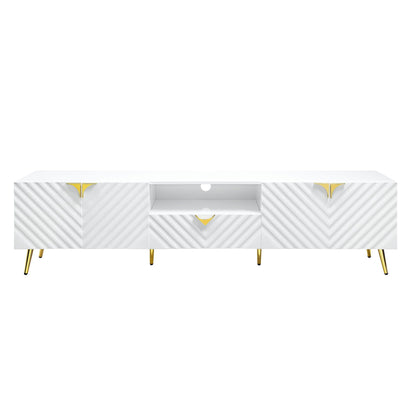 Gaines high-gloss white TV stand with chevron-textured panels and gold metal legs on Tampa Home & Garden Store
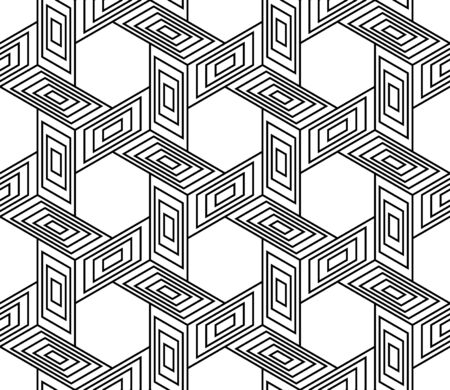 Vector modern seamless geometry pattern trippy, black and white abstract geometric background, pillow print, monochrome retro texture, hipster fashion designのイラスト素材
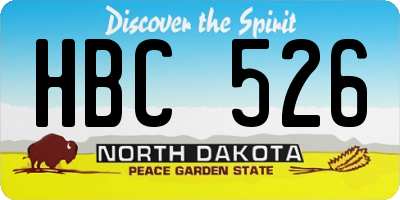 ND license plate HBC526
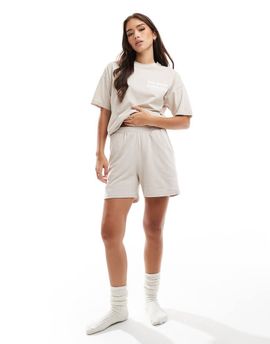 Pieces Pieces mix and match sweatshirt fabric shorts in cream-White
○ ○ ○ ○ ○ ○ ○
What the task requires:
Please copy the data above exactly; the pictures do not belong in the copy.

Response for this exercise:
 Gaines high-gloss white TV stand with chevron-textured panels and gold metal legs on Tampa Home & Garden Store
 Vector modern seamless geometry pattern trippy, black and white abstract geometric background, pillow print, monochrome retro texture, hipster fashion designのイラスト素材
 ND license plate HBC526
 Pieces Pieces mix and match sweatshirt fabric shorts in cream-White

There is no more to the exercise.